Penulis: Petrik Matanasi
19 Desember 2018
tirto.id - Pada Minggu pagi 19 Desember 1948, Republik Indonesia diserang pasukan Belanda pimpinan Simon Hendrik Spoor. Serangan itu diberi nama Operasi Gagak dan mengincar Yogyakarta, ibu kota Republik. Dalam sejarah Indonesia, peristiwa itu tercatat sebagai agresi militer yang tak terlupakan.
Tapi setahun kemudian keadaan berbalik. Berkat diplomasi dan tekanan internasional, Belanda terpaksa harus angkat kaki sesuai kesepakatan Konferensi Meja Bundar (KMB) pada akhir 1949. Belanda pun harus mengakui kedaulatan Indonesia pada 27 Desember 1949.
Berdasarkan KMB, wilayah Indonesia meliputi bekas wilayah Hindia Belanda, kecuali Papua—yang dalam perjanjian akan diserahkan setahun setelahnya. Namun, setelah lebih dari setahun, Papua yang kaya hasil tambang itu tak kunjung diserahkan. Indonesia tentu saja berang. Apalagi KMB sangat merugikan Indonesia karena keharusan membayar utang Hindia Belanda sebesar 4,3 miliar gulden.
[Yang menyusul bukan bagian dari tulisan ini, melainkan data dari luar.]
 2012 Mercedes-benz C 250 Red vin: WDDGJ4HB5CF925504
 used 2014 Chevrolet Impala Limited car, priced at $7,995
KMB kemudian dibatalkan. Bukan cuma itu, perusahaan-perusahaan Belanda yang beroperasi di Indonesia dinasionalisasi. kekayaan negara tentu bertambah dari sini. Selain itu, pengusiran atas orang-orang Belanda pun dilakukan. Salah satu yang terusir itu terdapat penyanyi keroncong Wieteke van Dort yang terkenal dengan lagu "Geef Mij Maar Nasi Goreng" (1979).
Belanda Masih Ingin Berkuasa
Belanda mencium gelagat buruk dan berusaha memperkuat Papua. Belanda lalu bersikap manis kepada orang-orang asli Papua. Pada Februari 1961 ada pemilihan anggota parlemen baru dan Komite Nasional Papua pun mereka bentuk pada 19 Oktober 1961.
Pertahanan Papua juga diperkuat. Selain dengan kekuatan militer Belanda yang ada, memberdayakan orang-orang Papua pun dilakukan.
“Pada tanggal 4 April 1960 Belanda mengirimkan kapal-induk ,,Karel Doorman'' ke Irian Barat, dengan alasan mengadakan "Pameran Bendera" (Vlagvertoon) yang diikuti beberapa kapal perang lainnya," tulis buku Irian Barat daerah kita (1962: 30) yang dirilis Departemen Penerangan RI.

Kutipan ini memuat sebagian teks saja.